Multi-Fidelity Policy Gradient Algorithms

Many reinforcement learning (RL) algorithms require large amounts of data, prohibiting their use in applications where frequent interactions with operational systems are infeasible, or high-fidelity simulations are expensive or unavailable. Meanwhile, low-fidelity simulators--such as reduced-order models, heuristic reward functions, or generative world models--can cheaply provide useful data for RL training, even if they are too coarse for direct sim-to-real transfer. We propose multi-fidelity policy gradients (MFPGs), an RL framework that mixes a small amount of data from the target environment with a large volume of low-fidelity simulation data to form unbiased, reduced-variance estimators (control variates) for on-policy policy gradients. We instantiate the framework by developing multi-fidelity variants of two policy gradient algorithms: REINFORCE and proximal policy optimization. Experimental results across a suite of simulated robotics benchmark problems demonstrate that when target-environment samples are limited, MFPG achieves up to 3.9x higher reward and improves training stability when compared to baselines that only use high-fidelity data. Moreover, even when the baselines are given more high-fidelity samples--up to 10x as many interactions with the target environment--MFPG continues to match or outperform them. Finally, we observe that MFPG is capable of training effective policies even when the low-fidelity environment is drastically different from the target environment.

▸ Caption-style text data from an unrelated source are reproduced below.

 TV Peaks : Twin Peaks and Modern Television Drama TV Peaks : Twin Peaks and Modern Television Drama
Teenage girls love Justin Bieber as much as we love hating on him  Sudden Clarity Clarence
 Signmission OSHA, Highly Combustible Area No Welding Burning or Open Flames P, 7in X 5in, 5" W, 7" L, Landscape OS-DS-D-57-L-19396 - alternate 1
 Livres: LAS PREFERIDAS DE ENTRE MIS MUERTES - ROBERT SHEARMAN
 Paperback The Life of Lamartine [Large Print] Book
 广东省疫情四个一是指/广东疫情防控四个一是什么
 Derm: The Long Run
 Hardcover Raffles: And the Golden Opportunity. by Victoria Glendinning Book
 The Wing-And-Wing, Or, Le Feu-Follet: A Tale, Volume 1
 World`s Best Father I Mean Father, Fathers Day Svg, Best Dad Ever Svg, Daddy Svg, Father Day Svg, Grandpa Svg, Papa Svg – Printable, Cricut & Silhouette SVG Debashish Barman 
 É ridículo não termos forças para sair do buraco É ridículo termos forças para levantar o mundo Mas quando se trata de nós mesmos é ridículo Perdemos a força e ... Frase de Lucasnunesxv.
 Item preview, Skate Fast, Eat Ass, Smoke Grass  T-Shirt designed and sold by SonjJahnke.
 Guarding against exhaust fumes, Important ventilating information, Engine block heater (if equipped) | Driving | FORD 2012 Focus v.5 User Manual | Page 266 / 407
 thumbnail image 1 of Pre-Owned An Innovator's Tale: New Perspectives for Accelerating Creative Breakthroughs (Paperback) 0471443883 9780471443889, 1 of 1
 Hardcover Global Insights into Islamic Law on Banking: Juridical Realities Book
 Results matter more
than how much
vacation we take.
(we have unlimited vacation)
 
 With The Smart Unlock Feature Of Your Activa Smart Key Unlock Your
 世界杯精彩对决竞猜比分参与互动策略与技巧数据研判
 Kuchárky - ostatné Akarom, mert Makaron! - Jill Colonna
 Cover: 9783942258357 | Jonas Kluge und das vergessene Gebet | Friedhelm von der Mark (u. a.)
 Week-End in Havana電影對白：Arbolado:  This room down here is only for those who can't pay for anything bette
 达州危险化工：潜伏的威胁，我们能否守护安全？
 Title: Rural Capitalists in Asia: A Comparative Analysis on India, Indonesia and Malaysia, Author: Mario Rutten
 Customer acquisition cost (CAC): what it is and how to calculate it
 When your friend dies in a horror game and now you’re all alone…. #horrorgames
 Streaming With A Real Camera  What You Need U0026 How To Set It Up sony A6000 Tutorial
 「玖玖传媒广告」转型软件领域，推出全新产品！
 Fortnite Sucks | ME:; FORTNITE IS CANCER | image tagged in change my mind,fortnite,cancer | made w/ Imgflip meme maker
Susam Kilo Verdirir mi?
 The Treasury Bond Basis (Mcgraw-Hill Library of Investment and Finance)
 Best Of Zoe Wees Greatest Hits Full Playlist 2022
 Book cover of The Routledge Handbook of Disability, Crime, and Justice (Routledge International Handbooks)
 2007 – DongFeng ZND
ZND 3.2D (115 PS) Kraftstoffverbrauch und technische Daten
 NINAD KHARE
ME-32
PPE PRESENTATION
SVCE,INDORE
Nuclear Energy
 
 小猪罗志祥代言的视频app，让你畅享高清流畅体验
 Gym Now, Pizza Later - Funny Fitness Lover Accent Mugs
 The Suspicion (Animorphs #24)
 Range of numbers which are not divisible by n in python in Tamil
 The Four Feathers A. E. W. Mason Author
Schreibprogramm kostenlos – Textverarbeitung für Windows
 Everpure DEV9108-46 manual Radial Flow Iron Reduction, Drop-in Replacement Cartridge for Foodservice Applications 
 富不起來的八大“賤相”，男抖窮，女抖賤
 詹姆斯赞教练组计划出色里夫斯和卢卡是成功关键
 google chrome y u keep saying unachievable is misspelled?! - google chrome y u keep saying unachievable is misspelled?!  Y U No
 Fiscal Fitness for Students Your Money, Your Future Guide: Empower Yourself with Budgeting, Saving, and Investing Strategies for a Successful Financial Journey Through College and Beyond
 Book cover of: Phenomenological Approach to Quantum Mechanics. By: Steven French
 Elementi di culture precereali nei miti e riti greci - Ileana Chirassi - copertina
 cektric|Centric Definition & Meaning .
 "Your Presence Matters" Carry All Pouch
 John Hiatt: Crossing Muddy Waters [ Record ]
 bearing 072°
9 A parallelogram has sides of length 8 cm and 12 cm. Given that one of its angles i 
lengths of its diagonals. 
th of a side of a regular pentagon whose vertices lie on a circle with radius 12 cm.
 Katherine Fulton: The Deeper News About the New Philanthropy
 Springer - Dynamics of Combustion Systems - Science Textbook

MFPG thus not only offers a novel paradigm for efficient sim-to-real transfer but also provides a principled approach to managing the trade-off between policy performance and data collection costs.

翻译：许多强化学习算法需要大量数据，这限制了它们在无法频繁与操作系统交互、或高保真仿真成本过高/不可用场景中的应用。与此同时，低保真度仿真器（如降阶模型、启发式奖励函数或生成式世界模型）虽因精度不足无法直接实现仿真到现实的迁移，却能为强化学习训练廉价提供有效数据。本文提出多保真度策略梯度算法框架，通过混合少量目标环境数据与大量低保真仿真数据，构建出无偏且低方差（控制变量）的在线策略梯度估计量。我们通过开发两种策略梯度算法的多保真度变体——REINFORCE与近端策略优化——对该框架进行实例化。在系列机器人仿真基准测试中的实验结果表明：当目标环境样本有限时，相较于仅使用高保真数据的基线方法，多保真度策略梯度算法能获得最高3.9倍的奖励提升并改善训练稳定性。即使基线方法获得更多高保真样本（与目标环境的交互量增加至10倍），多保真度策略梯度算法仍能保持相当或更优性能。此外，研究还发现即使低保真环境与目标环境存在显著差异，该算法仍能训练出有效策略。因此，多保真度策略梯度算法不仅为高效的仿真到现实迁移提供了新范式，还为平衡策略性能与数据采集成本提供了理论框架。